If overall productivity growth is low, we're not seeing an increase in unemployed people due to rising productivity. So it's not "yay productivity (though it is generally a good thing)," it's "productivity growth at a level that is noticeably affecting unemployment isn't happening." The whole discussion about the impact of technology of job demand centers around the belief that productivity will suddenly and sharply reverse course (or more likely, around people not being aware that productivity growth has always caused job displacement and that that effect is shrinking).
Longer quote:
"This means each additional robot added in manufacturing replaced about 3.3 workers nationally, on average.
That increased use of robots in the workplace also lowered wages by roughly 0.4 percent during the same time period."
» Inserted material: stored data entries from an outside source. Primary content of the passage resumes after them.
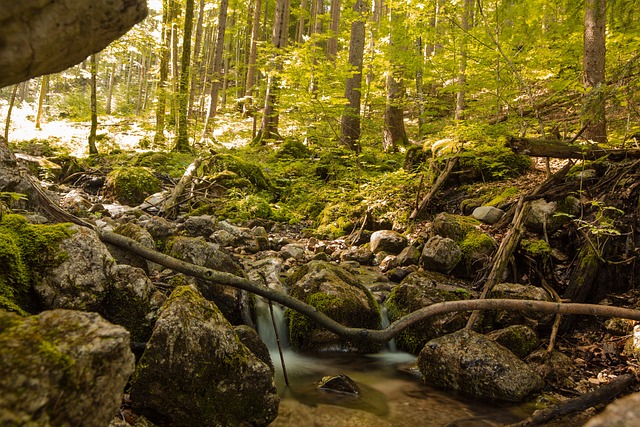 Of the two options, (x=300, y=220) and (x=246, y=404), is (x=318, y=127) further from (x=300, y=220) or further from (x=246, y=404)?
(x=246, y=404)

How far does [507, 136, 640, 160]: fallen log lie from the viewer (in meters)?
6.39

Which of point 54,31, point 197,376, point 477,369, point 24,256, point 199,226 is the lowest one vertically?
point 477,369

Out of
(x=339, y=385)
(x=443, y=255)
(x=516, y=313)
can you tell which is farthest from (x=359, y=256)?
(x=339, y=385)

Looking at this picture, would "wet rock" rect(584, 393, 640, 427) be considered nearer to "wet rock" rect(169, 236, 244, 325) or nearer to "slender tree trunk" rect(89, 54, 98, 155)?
"wet rock" rect(169, 236, 244, 325)

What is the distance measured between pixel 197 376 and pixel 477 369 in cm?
284

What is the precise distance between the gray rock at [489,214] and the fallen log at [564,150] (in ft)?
3.71

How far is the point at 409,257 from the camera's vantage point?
7.50m

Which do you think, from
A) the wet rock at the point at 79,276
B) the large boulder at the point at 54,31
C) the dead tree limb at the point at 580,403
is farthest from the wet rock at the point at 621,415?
the wet rock at the point at 79,276

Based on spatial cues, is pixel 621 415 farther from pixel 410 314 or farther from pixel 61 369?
pixel 410 314

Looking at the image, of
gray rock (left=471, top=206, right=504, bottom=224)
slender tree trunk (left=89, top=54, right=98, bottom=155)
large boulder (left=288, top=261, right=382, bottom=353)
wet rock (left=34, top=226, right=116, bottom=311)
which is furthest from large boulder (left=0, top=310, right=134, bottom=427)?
slender tree trunk (left=89, top=54, right=98, bottom=155)

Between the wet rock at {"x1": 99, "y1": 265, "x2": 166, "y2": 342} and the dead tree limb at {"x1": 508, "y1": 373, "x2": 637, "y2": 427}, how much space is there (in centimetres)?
308

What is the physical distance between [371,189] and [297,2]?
86.7ft

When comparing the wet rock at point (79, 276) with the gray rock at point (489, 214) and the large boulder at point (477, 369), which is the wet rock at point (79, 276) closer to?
the large boulder at point (477, 369)

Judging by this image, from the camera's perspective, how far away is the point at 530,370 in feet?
13.5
Looks to me like that's referring to manufacturing. The longer piece also notes that the *slowdown* of productivity growth has caused a drop in labor demand.
We do know that male prime-age LFP has been declining since at least the late '40s. We don't know that that's caused by increasing productivity. It's likely that automation has contributed to it, but there's a lot more going on here, and I don't think that anyone has a good answer. Note that about half of prime-age men not in the labor force are disabled. We've also seen rising incarceration rates during the period. It's a very small part of it, but an increase in house husbands is another factor. Globalization is often blamed here, and while I think that's overblown (just as the technological explanation is), it could be a factor. Another factor is a shift in the composition (that is, we're looking at 25-54-year-olds, but over the period, the distribution within that range has shifted, which could also be a factor in the disability rates). Another one is that we haven't done a great job of recovering fully from recession to recession. Anyway, there's not a lot of room in the numbers for a big effect, as you have a lot of factors that plausibly make a difference and a total effect that isn't that big.